EXERCISE ::
Starting with the line that has "Tods Black Sandals" in the records below and ending with the line that has "Natural White Opal", output those lines exactly and nothing more; omit the pictures.

BEGIN DATA RECORDS

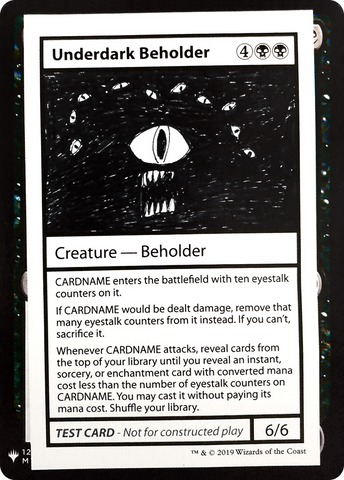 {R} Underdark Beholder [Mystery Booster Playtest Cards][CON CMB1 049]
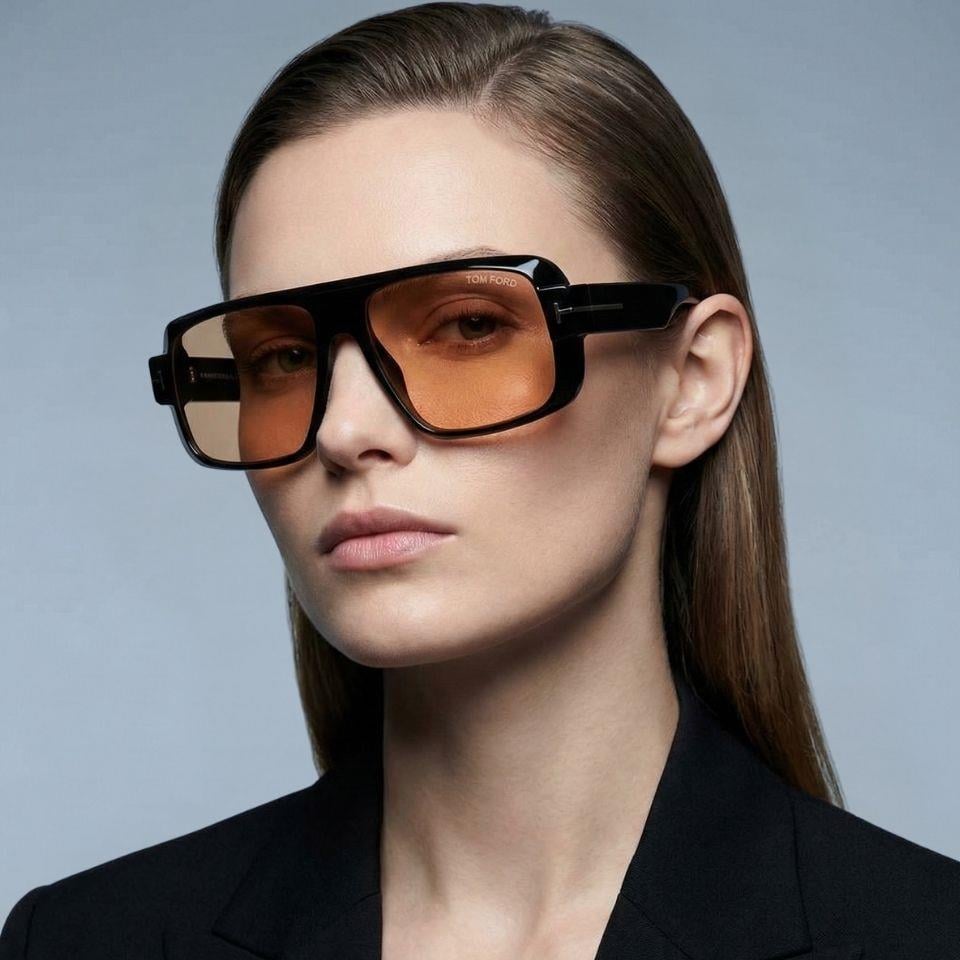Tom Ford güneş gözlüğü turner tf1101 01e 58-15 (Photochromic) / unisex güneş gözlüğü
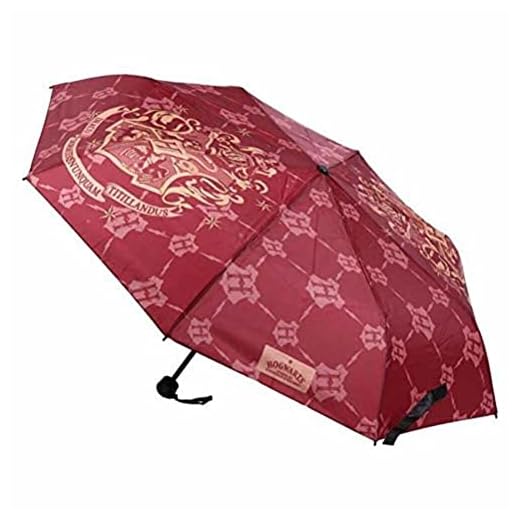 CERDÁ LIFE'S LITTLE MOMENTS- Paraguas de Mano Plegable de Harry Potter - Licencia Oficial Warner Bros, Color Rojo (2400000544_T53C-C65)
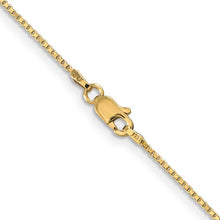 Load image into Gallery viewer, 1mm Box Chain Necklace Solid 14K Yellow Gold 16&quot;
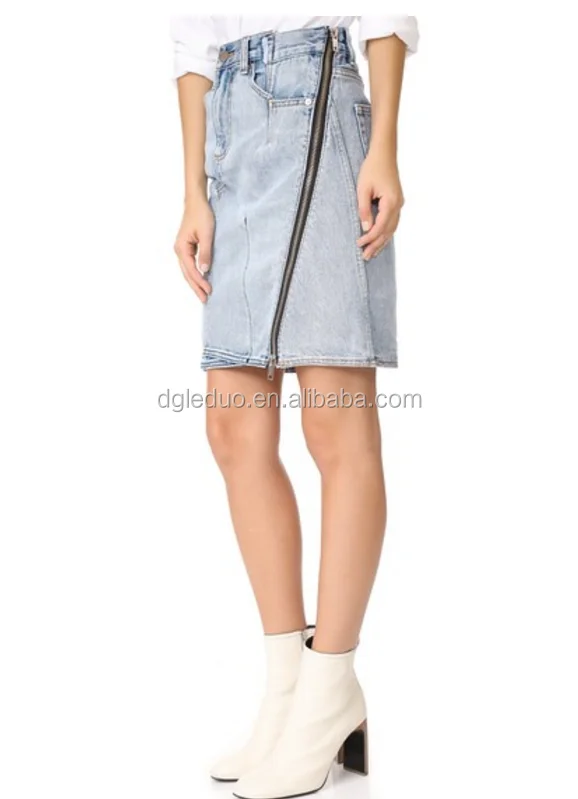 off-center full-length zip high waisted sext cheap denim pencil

END DATA RECORDS
BEGIN DATA RECORDS

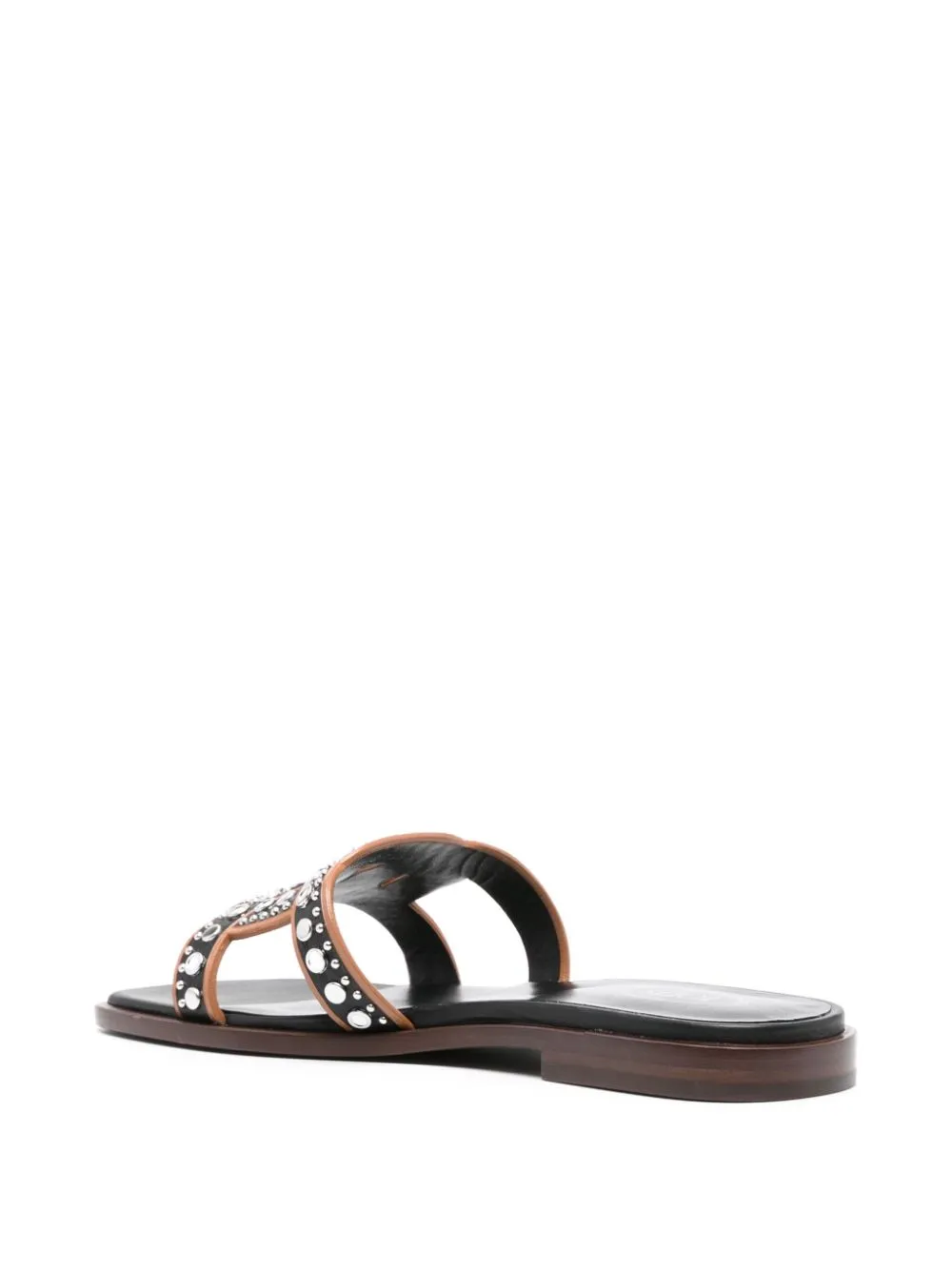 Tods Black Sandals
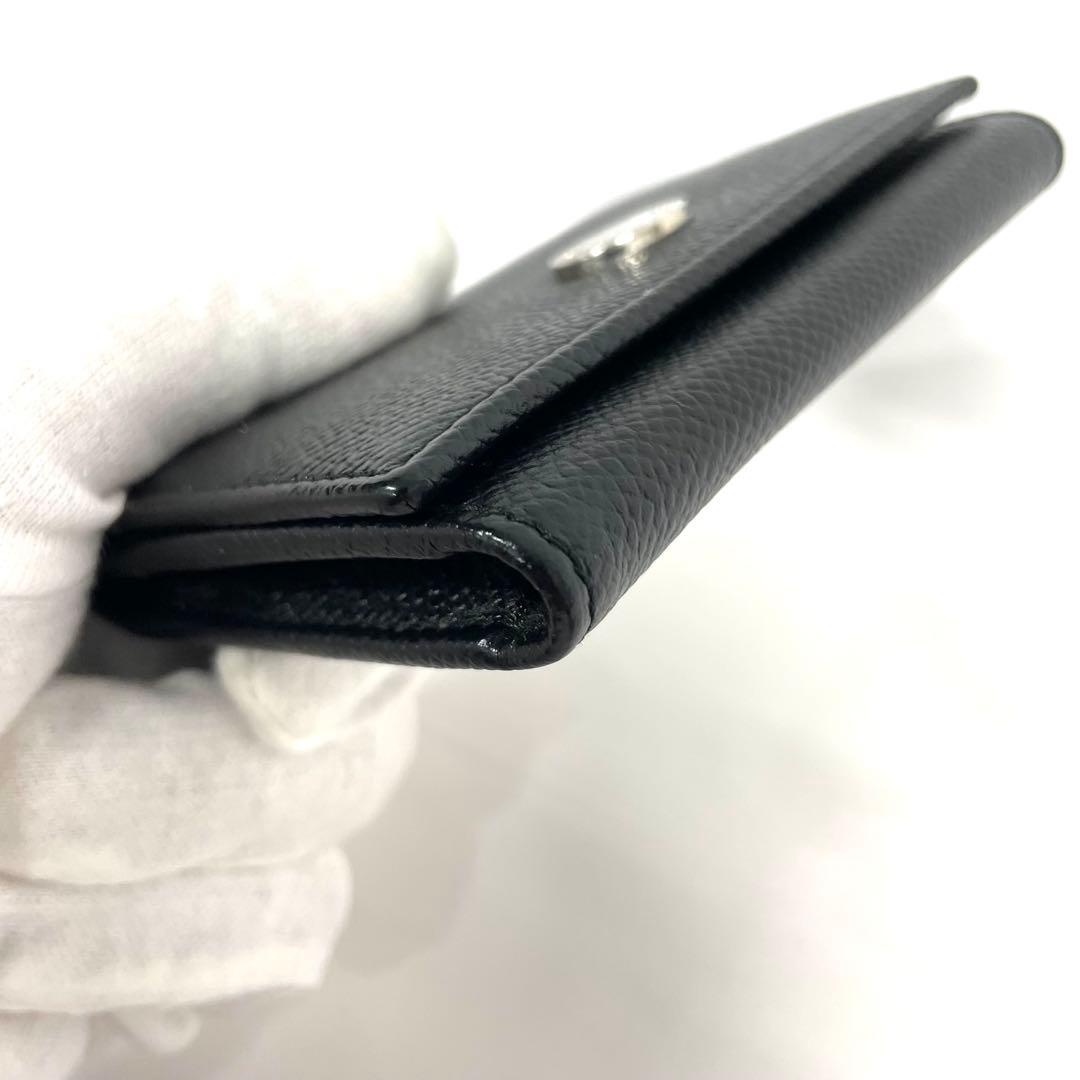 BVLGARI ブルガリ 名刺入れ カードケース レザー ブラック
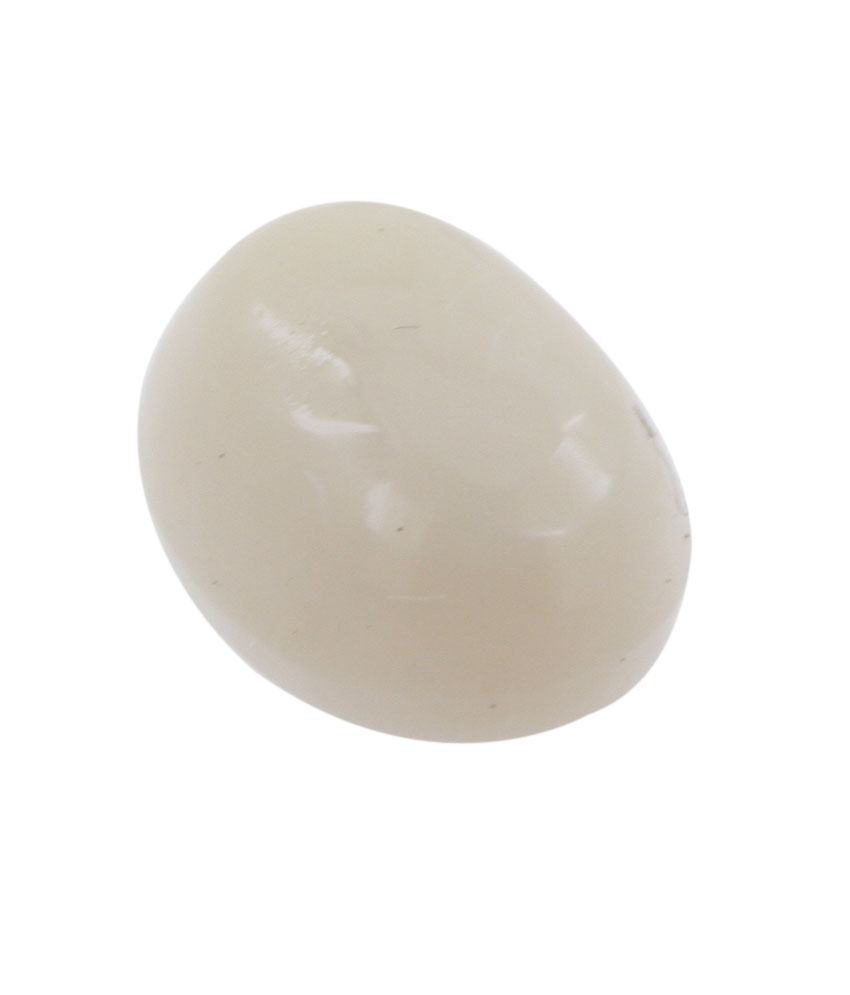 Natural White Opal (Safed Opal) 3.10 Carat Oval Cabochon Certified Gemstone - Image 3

END DATA RECORDS

COMPLETED EXERCISE ::
 Tods Black Sandals
 BVLGARI ブルガリ 名刺入れ カードケース レザー ブラック
 Natural White Opal (Safed Opal) 3.10 Carat Oval Cabochon Certified Gemstone - Image 3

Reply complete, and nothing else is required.